For female children in Igbo land, it is cheering news as the Supreme Court has abolished an age long custom in the South East that stopped them from inheriting their fathers' property.

In a landmark judgement delivered last Friday, the apex court nullified the Igbo law and custom which prevented women from inheriting their father's estate.

The court ruled that the practice was discriminatory and conflicts with the provisions of the Nigerian Constitution.

The court specifically held that the practice was a breach of Section 42 (1)(a) and (2) of the 1999 Constitution (as amended).

The apex court's judgment was based on the appeal filed in 2004 by Mrs Lois Chituru Ukeje (widow of the late Lazarus Ogbonna Ukeje) and their son, Enyinnaya Lazarus Ukeje against Mrs Gladys Ada Ukeje (the deceased's daughter).

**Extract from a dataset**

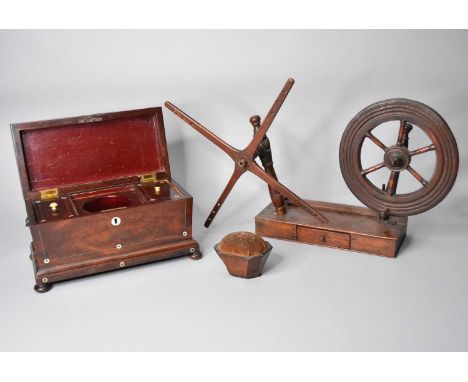 A Victorian tea caddy, part of a lace-maker's bobbin winder, wrongly assembled and incomplete, and a pin cushion, the tea cad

Gladys had sued the widow and son before the Lagos High Court, claiming to be one of the Ukeje's children and sought to be included among those to administer their father's estate.

The trial court affirmed that she was Ukeje's daughter and was therefore qualified to benefit from the estate of her father who died in Lagos in 1981.
At the Court of Appeal, sitting in Lagos, which Mrs Ukeje and his son rushed to, the decision of the trial court was upheld, prompting them to approach the Supreme Court.

In its judgment on July 1, 2016, the Supreme Court held that the Court of Appeal, Lagos was right in voiding the Igbo's native law and custom that disinherits female children.

Justice Bode Rhodes Vivour, who read the lead judgment held that no matter the circumstances of the birth of a female child, she is entitled to an inheritance from her later father's estate.

"Consequently, the Igbo customary law, which disentitles a female child from partaking in the sharing of her deceased father's estate, is a breach of Section 42(1) and (2) of the Constitution, a fundamental rights provision guaranteed to every Nigerian.

"The said discriminatory customary law is void as it conflicts with Section 42(1) and (2) of the Constitution. In the light of all that I have been saying, the appeal is dismissed.

In the spirit of reconciliation, parties to bear their own costs", Justice Rhodes Vivour ruled.

Justices Walter Samuel Nkanu Onnoghen, Clara Bata Ogunbiyi, Kumai Bayang Aka'ahs and John Inyang Okoro, who were part of the panel that heard the appeal, agreed with the lead judgment.